Start at the top of the records and, please, print each line exactly through the line that contains "手羽先の唐揚げ 手羽先の唐揚げ,手羽先,唐揚げの写真素材", leaving out all pictures.

"""

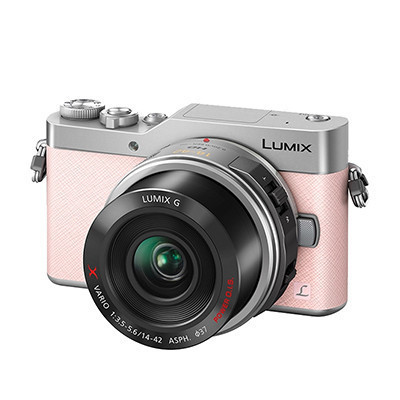 松下PanasonicLumix DC-GF9XGK14-42数码微型单电套机 微单相机 粉色 1600万像素变焦套装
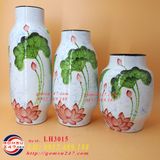 Bình hoa gốm sứ men vân đá - Bộ phích dáng mới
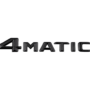 4MATIC Emblem Logo Letter Decal – Chrome Car Badge for Side Fender, Rear Trunk – Premium Adhesive Auto Sticker for Mercedes-Benz Models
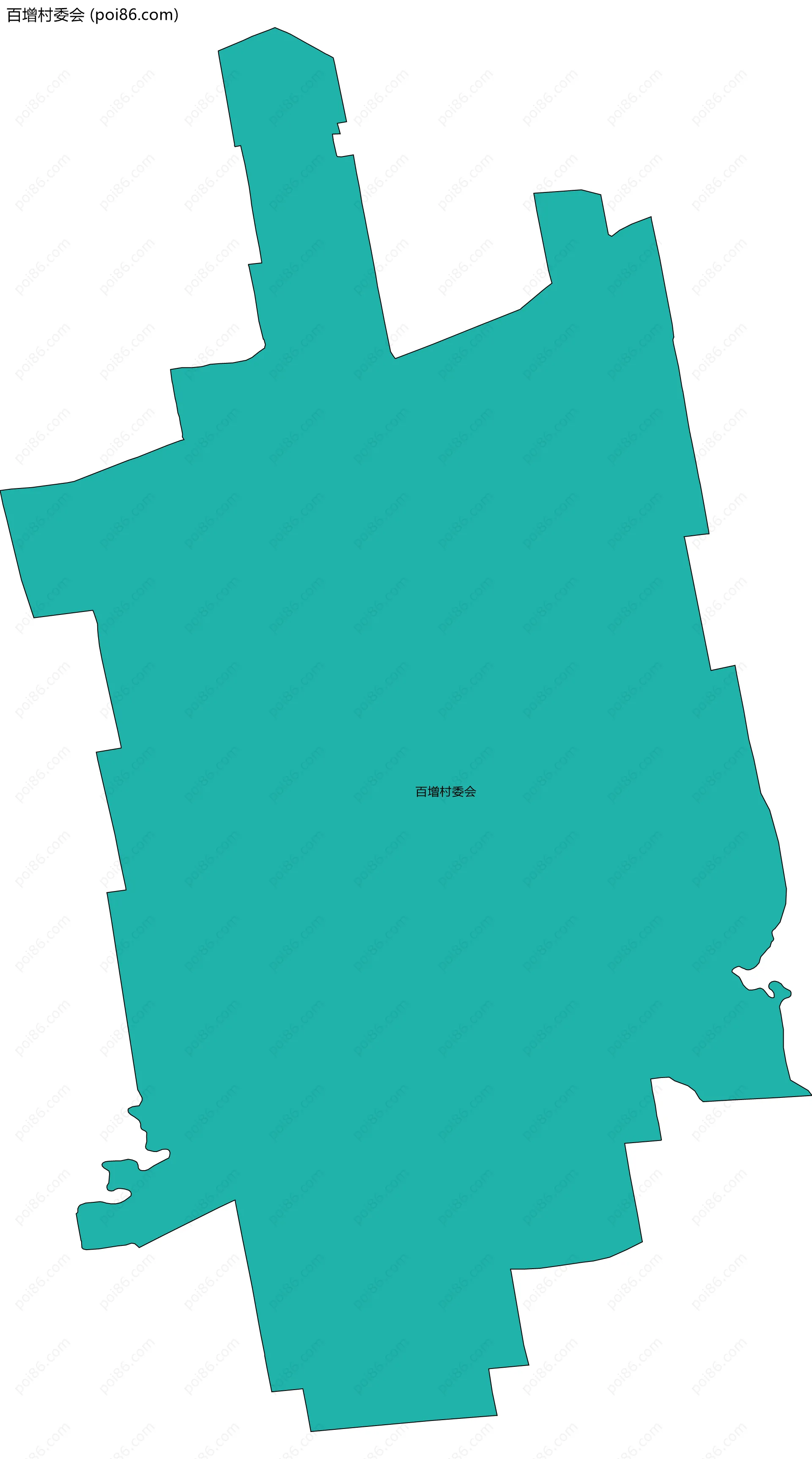 百增村委会边界地图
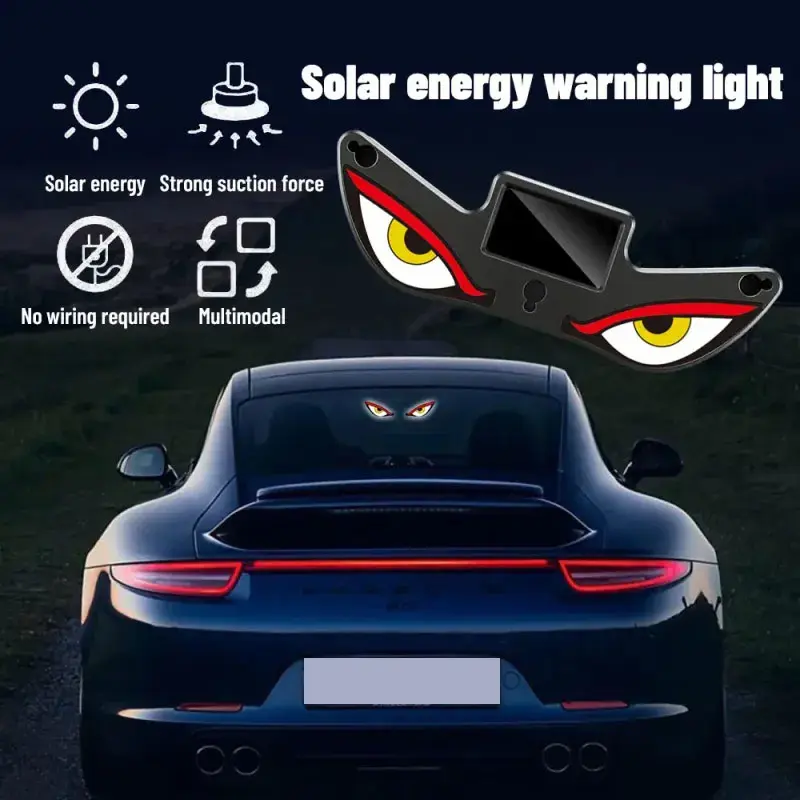 Car Rear Window Dynamic LED Display – Vampire Devil Eye Emoji Panel, Auto Decorative Light, Automotive Decoration, Car Decor Gift, Universal Car Accessories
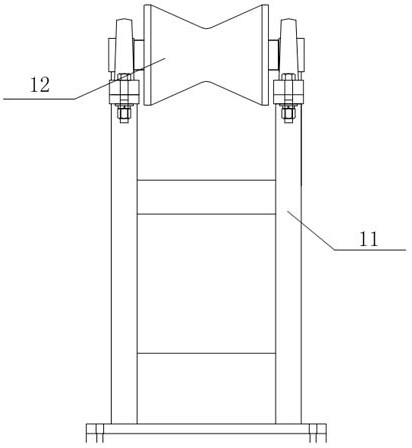 Steel pipe automatic drilling and punching integrated equipment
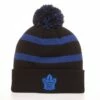Fan Favorite NHL Toronto Maple Leafs Mass Breakaway Cuffed Knit Fashion Pom Beanie Toque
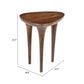 Spiker Walnut Side Table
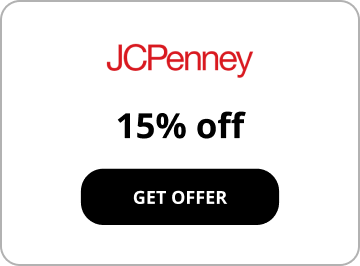 JCPenney. 15% off. Get offer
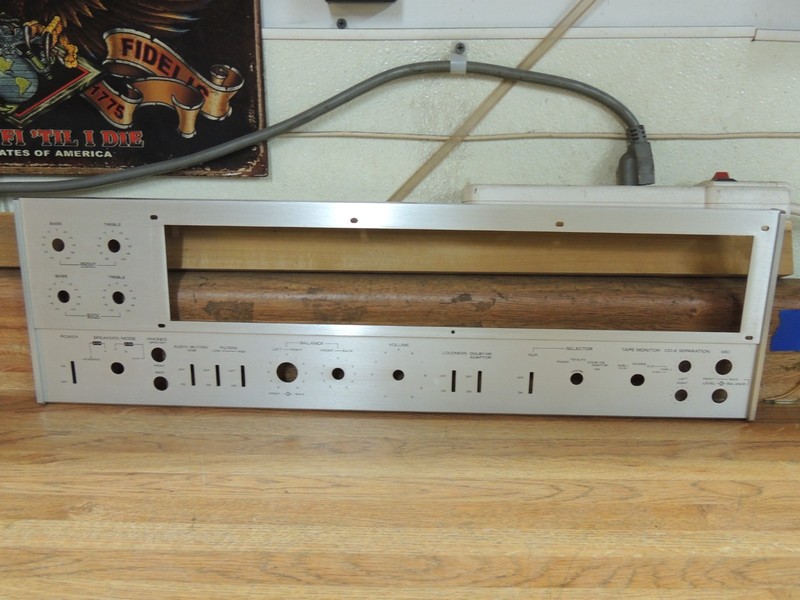 Sansui QRX-8001 Front Panel Assembly (As Shown) 7007381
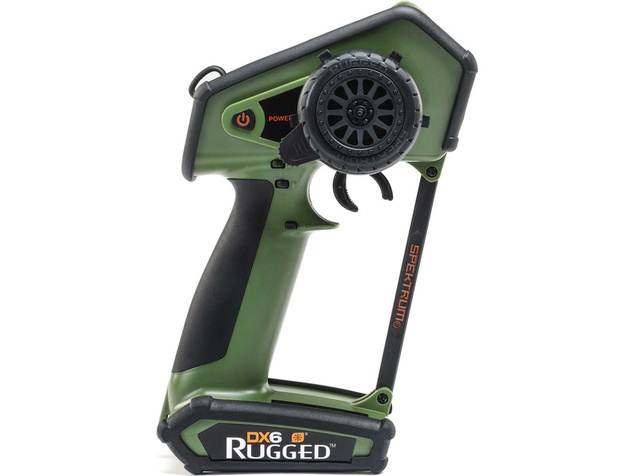 Spektrum DX6 Rugged DSMR zelený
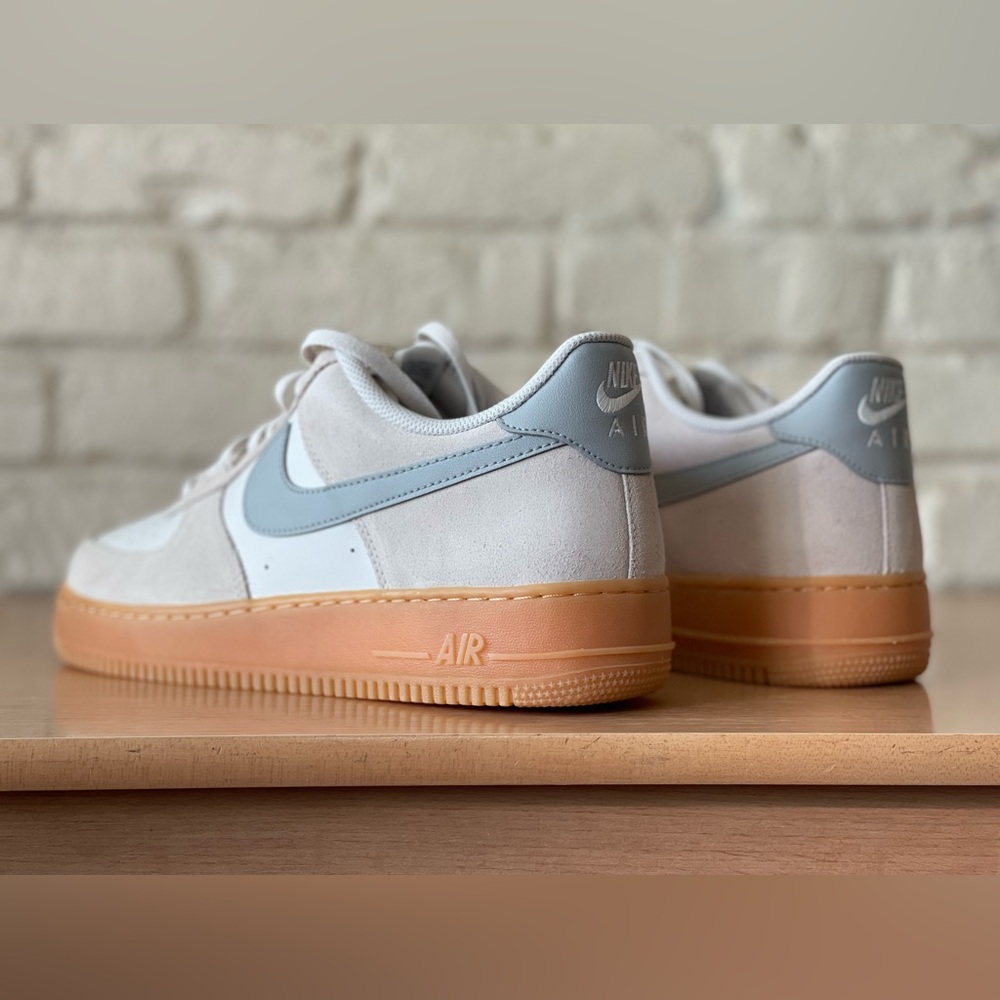 Nike Air Force 1 Low '07 LV8 Phantom Light Smoke Gum FQ8714-002 Men Size 14 & 13 - Picture 8 of 10
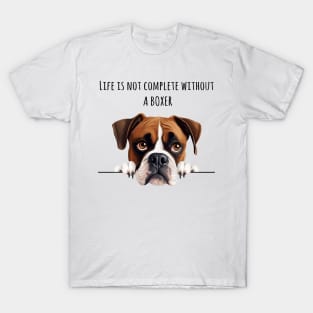 Life is Not Complete Without A Boxer T-Shirt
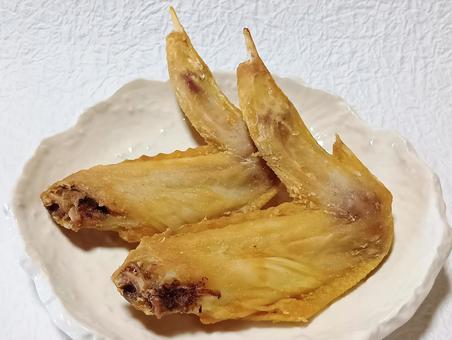 手羽先の唐揚げ 手羽先の唐揚げ,手羽先,唐揚げの写真素材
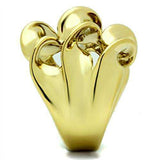 Alamode IP Gold(Ion Plating) Brass Ring with No Stone - Alamode - Flyclothing LLC
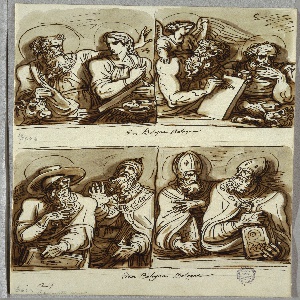 Drawing, The Four Evangelists, Study after Giambologna, 1821–22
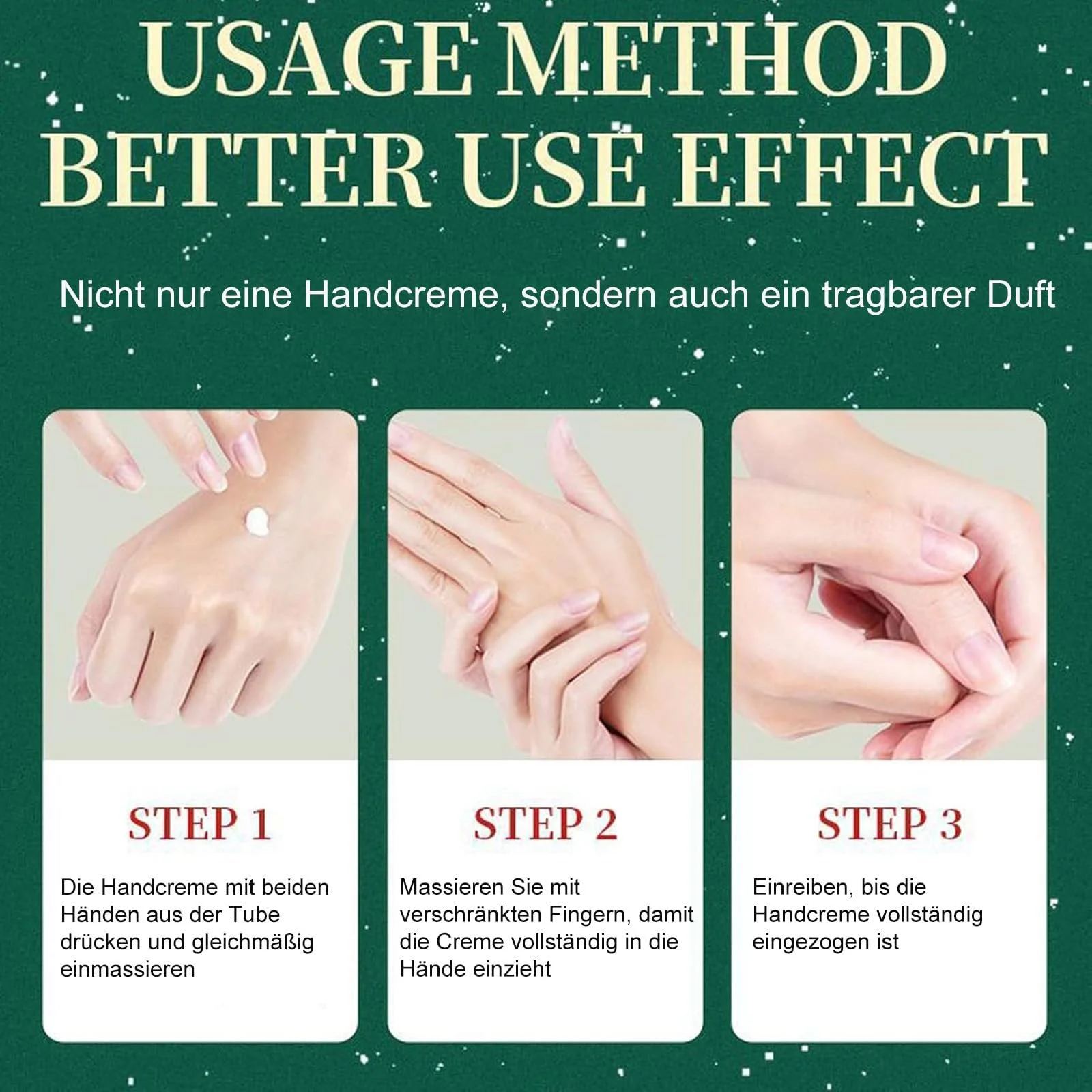 Крем для рук Різдвяний набір 5 x Міні креми для рук з маслом ши Живильний крем для дуже сухої шкіри рук, фото №6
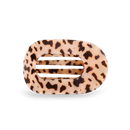 Round Flat Hair Clip | Medium | Blonde Tortoise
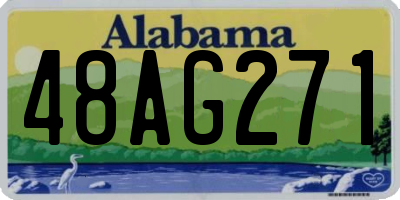 AL license plate 48AG271
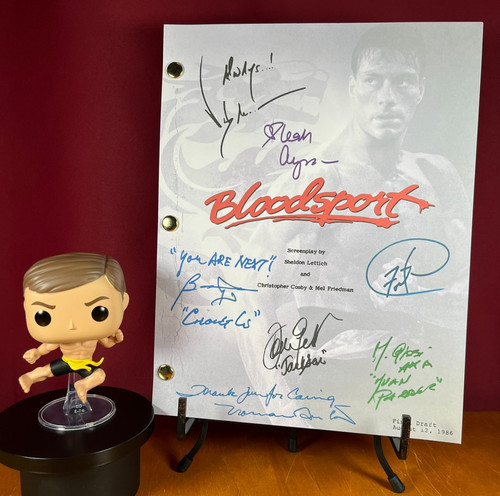 Bloodsport script signed - bloodsport,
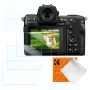 Película protetora de ecrã em vidro temperado 9H KF pack de 6 para Nikon Z9 Z8
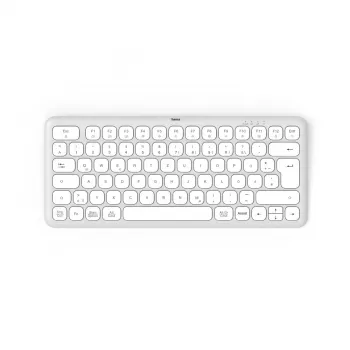 Hama WK-500 teclado multidispositivo, compacto, inalámbrico RF + Bluetooth, QWERTZ alemán, blanco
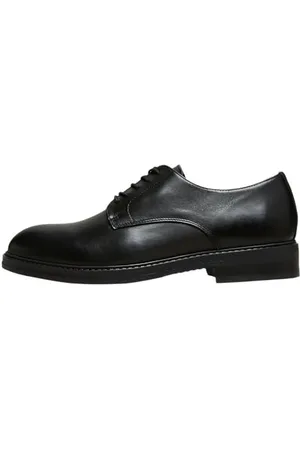 SELECTED SELETED HOMME SLHBLAKE Leather Derby Shoe NOOS męskie buty derby, czarne, 40 EU, , 40 EU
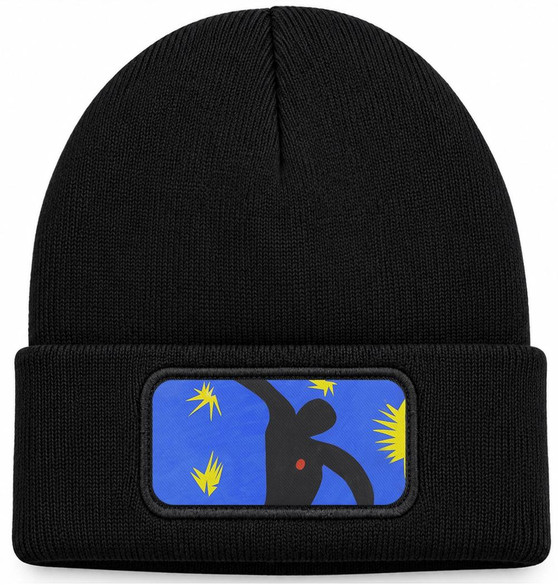 Czapka zimowa Ikar Henri Matisse – czarna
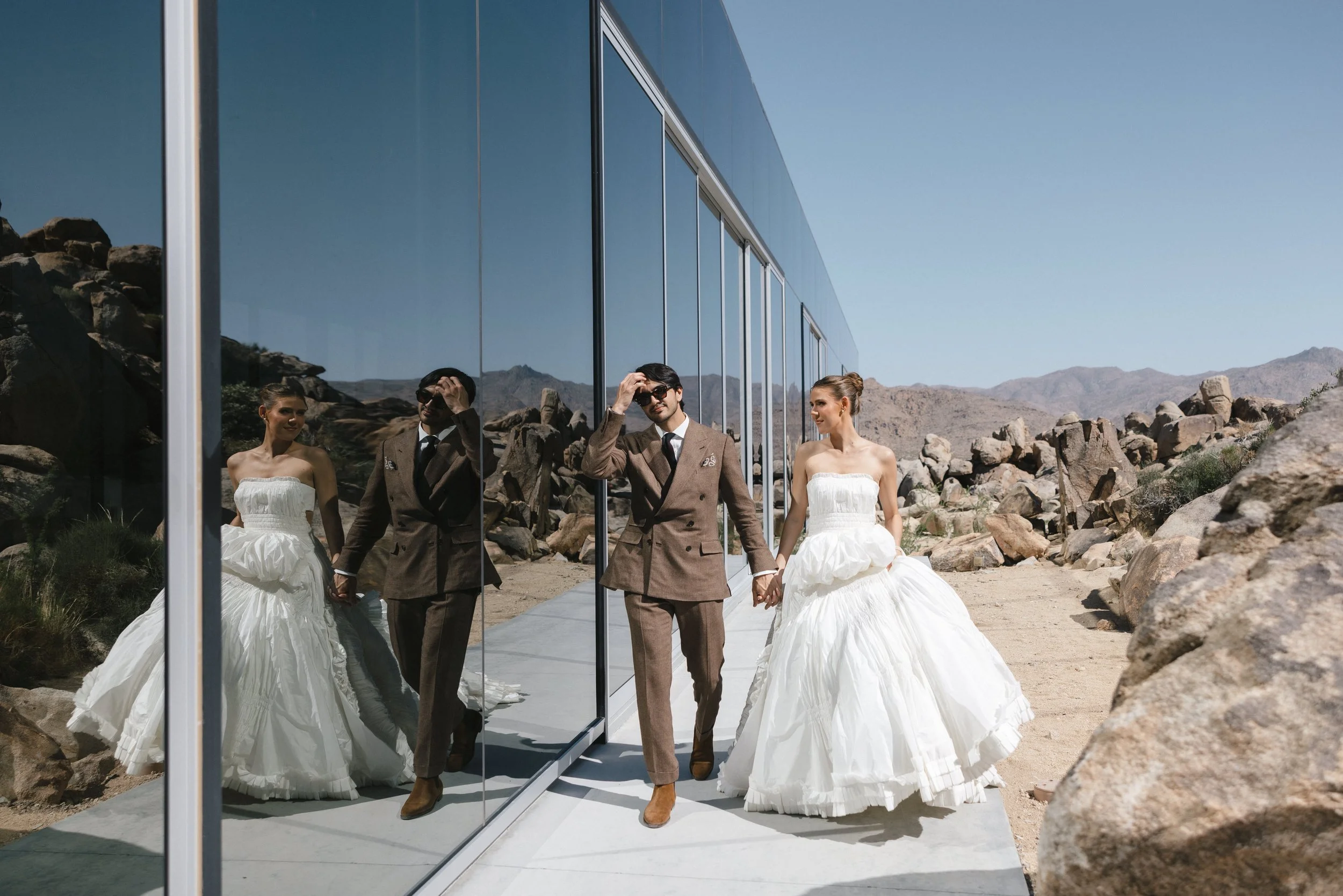 Invisible House, Joshua Tree Wedding Shoot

"""

- [Written solution]:
 松下PanasonicLumix DC-GF9XGK14-42数码微型单电套机 微单相机 粉色 1600万像素变焦套装
 Bình hoa gốm sứ men vân đá - Bộ phích dáng mới
 4MATIC Emblem Logo Letter Decal – Chrome Car Badge for Side Fender, Rear Trunk – Premium Adhesive Auto Sticker for Mercedes-Benz Models
 百增村委会边界地图
 Car Rear Window Dynamic LED Display – Vampire Devil Eye Emoji Panel, Auto Decorative Light, Automotive Decoration, Car Decor Gift, Universal Car Accessories
 Steel pipe automatic drilling and punching integrated equipment
Fan Favorite NHL Toronto Maple Leafs Mass Breakaway Cuffed Knit Fashion Pom Beanie Toque
 Spiker Walnut Side Table
 JCPenney. 15% off. Get offer
 Sansui QRX-8001 Front Panel Assembly (As Shown) 7007381
 Spektrum DX6 Rugged DSMR zelený
 Nike Air Force 1 Low '07 LV8 Phantom Light Smoke Gum FQ8714-002 Men Size 14 & 13 - Picture 8 of 10
 Life is Not Complete Without A Boxer T-Shirt
 手羽先の唐揚げ 手羽先の唐揚げ,手羽先,唐揚げの写真素材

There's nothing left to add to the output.